El escritor tiene muy a menudo la impresión de que sus libros son leídos con una idea preconcebida de lo que esperaban de él, como si el hecho de ser un escritor de extrarradio, guapo o mujer determinara el contenido y el estilo del libro. Y así puede resultar sorprendente e incluso desconcertante que una escritora haga uso de un narrador masculino, un escritor vasco sitúe la acción en Andalucía, y un extremeño, en Constantinopla. Todavía no sé qué fue lo que finalmente me quitó de la cabeza la idea que había tenido siempre: escribir con seudónimo. A lo mejor fue un absurdo y poco operativo deseo de afirmación de personalidad. Y es que allí, en, el nombre, están todos los equívocos.

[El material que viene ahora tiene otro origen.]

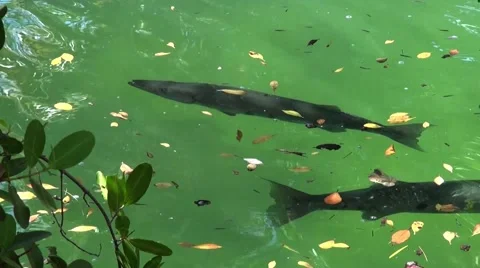 Barracuda lurking beneath the surface Stock Footage 40100739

Pero estas dificultades del juicio, de la justa valoración, no son fenómenos exclusivos de nuestro país. Hay que recordar lo que hace poco le sucedió a Doris Lessing, que envió con seudónimo tires novelas a tres diferentes editoriales, y fueron rechazadas. Novelas que al fin, publicadas con su nombre, se vendieron con éxito y la enriquecieron moderadamente. Esto ha sucedido, esto ha sido comprobado.

Pero este experimento que ha demostrado lo que ya sabíamos: la imposibilidad de juzgar una obra fuera de contexto, el relativismo de las categorías, puede al mismo tiempo servir de estímulo: más allá de las calificaciones está la calidad. E interesa más por lo que tiene de advertencia: a partir de la tercera novela, por ejemplo, pesa más el nombre que la novela. El escritor, siempre libre, puede al fin, con la sanción general, hacer lo que quiera. Lejos del bullicio de los coloquios, de la selección de los comités de lectura, de las listas de autores, de los escritores más prometedores citados en un artículo, liberado de la lucha por conseguir un puesto (lucha en la que no participa, pero que le afecta), el escritor sigue escribiendo.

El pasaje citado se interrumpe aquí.